Charles Luke, manager of Murray Income Trust, said the UK is currently an attractive opportunity for income investors.
‘It provides access to companies with attractive long-term growth opportunities at valuations that are attractive on a relative and absolute basis, both in terms of earnings and dividend yield. “In effect, investors are getting global income at a knockdown price,” he added.
investment company | AIC sector | Number of consecutive years in which the dividend increased | Dividend yield (%) | 5-year annualized dividend growth rate (%) |
---|---|---|---|---|
City of London | UK Equity Income | 57 | 5.12 | 2.58 |
bankers | Global | 57 | 2.31 | 5.36 |
Alliance Trust | Global | 57 | 2.10 | 13.2 |
Caledonia Investments | Flexible investment | 56 | 2.06 | 3.41 |
The Global Smaller Business Trust | Smaller global companies | 53 | 1.5 | 9.82 |
F&C Investment Trust | Global | 53 | 1.5 | 5.97 |
brunner | Global | 52 | 1.78 | 4.58 |
JPMorgan Claverhouse | UK Equity Income | 51 | 5.18 | 4.64 |
Murray Income | UK Equity Income | fifty | 4.57 | 2.43 |
Scottish American | Global equities | fifty | 2.83 | 4.16 |
Witan | Global | 49 | 2.48 | 5.14 |
Trader confidence | UK Equity Income | 41 | 5.24 | 2.16 |
Scottish mortgage | Global | 41 | 0.52 | 5.96 |
Indexed Property Value and Income | Property UK Commercial | 36 | 7.13 | 2.5 |
CT United Kingdom Capital and income | UK Equity Income | 30 | 3.9 | 2.1 |
Schroder’s revenue growth | UK Equity Income | 28 | 5.21 | 3.18 |
abrdn Share income | UK Equity Income | 23 | 8.42 | 3.5 |
Athelney Trust | UK Smaller Companies | twenty-one | 5.37 | 1.49 |
BlackRock Smaller Companies | UK Smaller Companies | twenty | 2.95 | 9.00 |
Henderson Smaller Businesses | UK Smaller Companies | twenty | 3.29 | 4.36 |
Source: aic.co.uk/Morningstar. Investment trusts with 20 years of increasing dividend payments. Data as of 8/3/2023 |
How have they managed to increase dividends?

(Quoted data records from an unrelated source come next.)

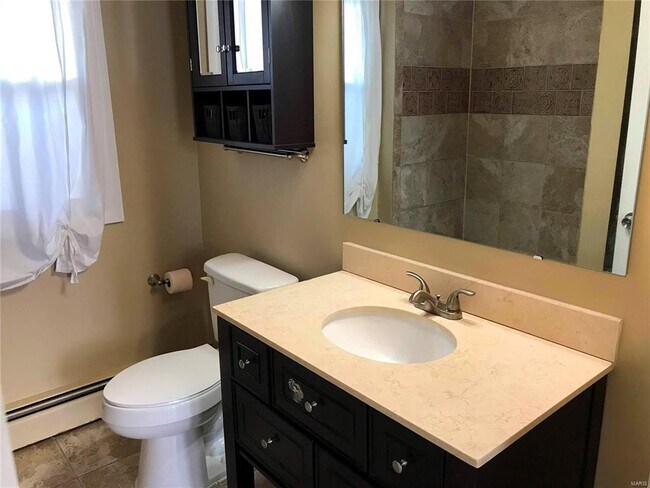 Building Photo - 360 Old Meramec Station Rd.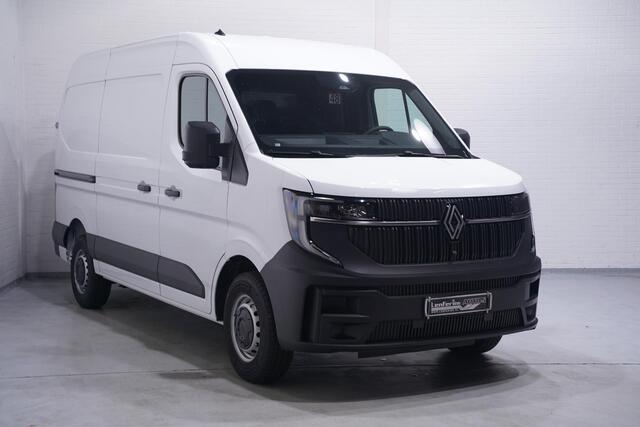 Renault MASTER 2.0 dCi 130 pk L2H2 Apple Carplay, ex BTW/BPM Trekhaak 2.500 kg, Dodehoek Assist, Laadruimte Pakket, 3-Zits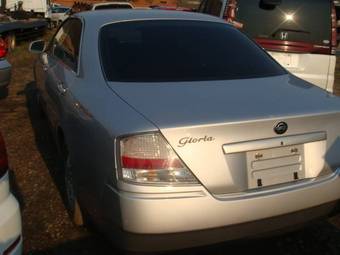 2000 Nissan Gloria Pictures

The key to investment trusts being able to achieve such long records of increasing payouts lies in their structure.
They are allowed to retain some dividends in good years to help cover the bad ones.
They do not have to pay out all the income they receive from their portfolios each year. Instead, they can set aside up to 15 percent in a revenue reserve.

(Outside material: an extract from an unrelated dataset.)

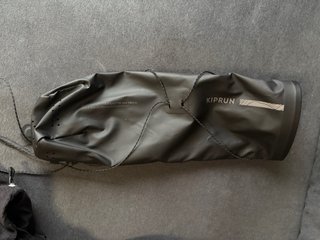 Mochila KIPRUN Trail Running 15L Negra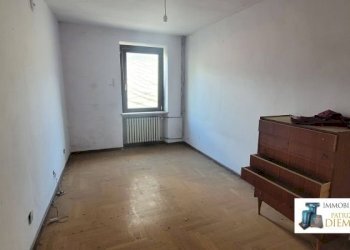 Locale Commerciale Reg. Le Crou, Aosta - foto 11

This is a feature that investment funds do not have and, while it is not a reason to always choose a trust over a fund, it is a strength worth considering, especially for those investors seeking income.

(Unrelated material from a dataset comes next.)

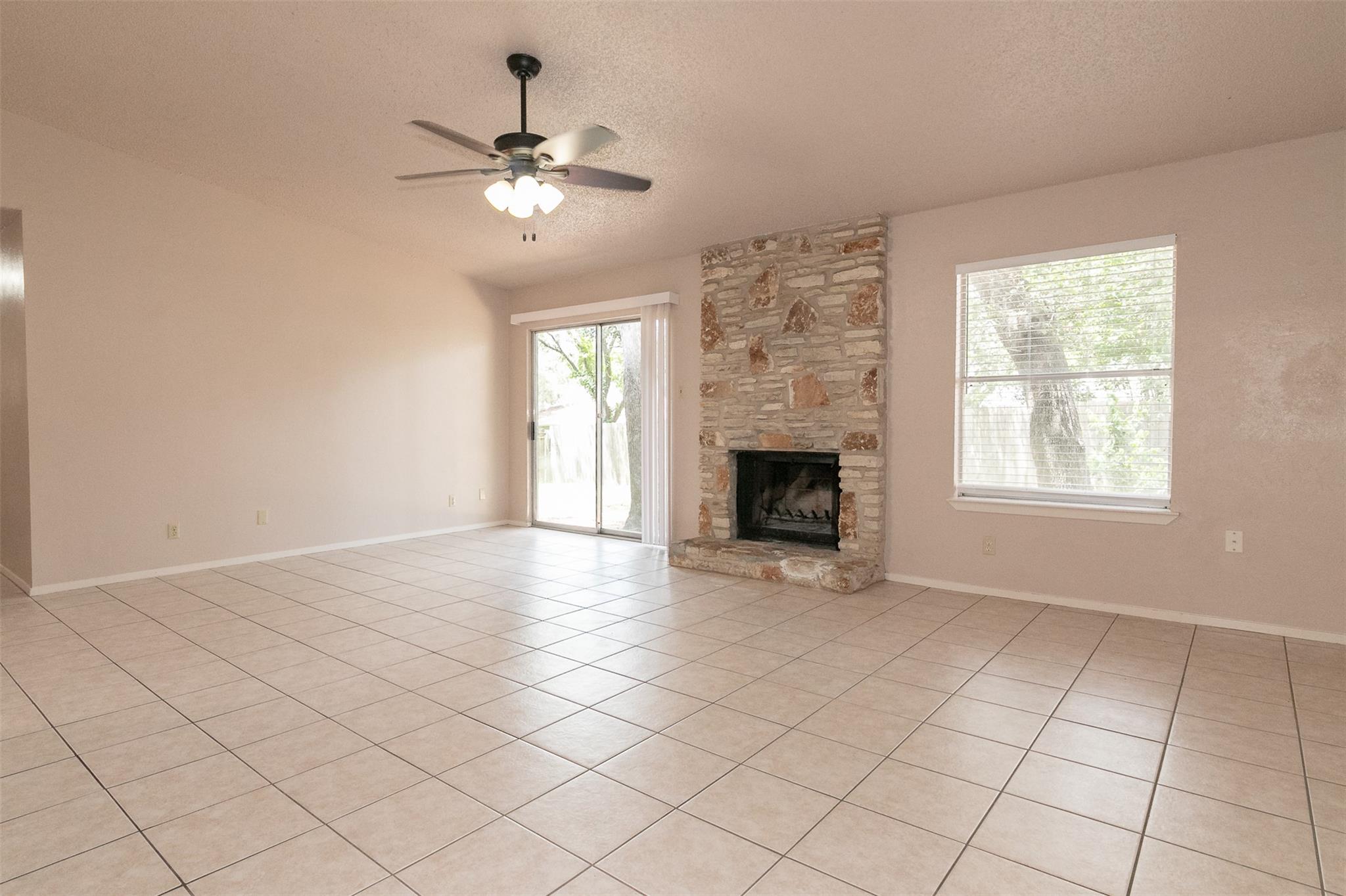 3312 Galesburg DR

Annabel Brodie-Smith, communications director at the Association of Investment Companies, said: ‘Despite a tough few years for dividend heroes, ten investment funds now have at least half a century of consecutive annual dividend increases.
“They have continued to increase their payments through the high inflation of the 1970s, the recession of the 1990s, the 2008 global financial crisis and the pandemic, demonstrating their remarkable resilience.”
Laith Khalaf said: “The resilience shown by these dividend heroes for so long should provide some comfort to investors.
“Investment trusts can retain income in bad years to pay dividends in good years, a mechanism that has allowed some to continually increase their dividends for decades.”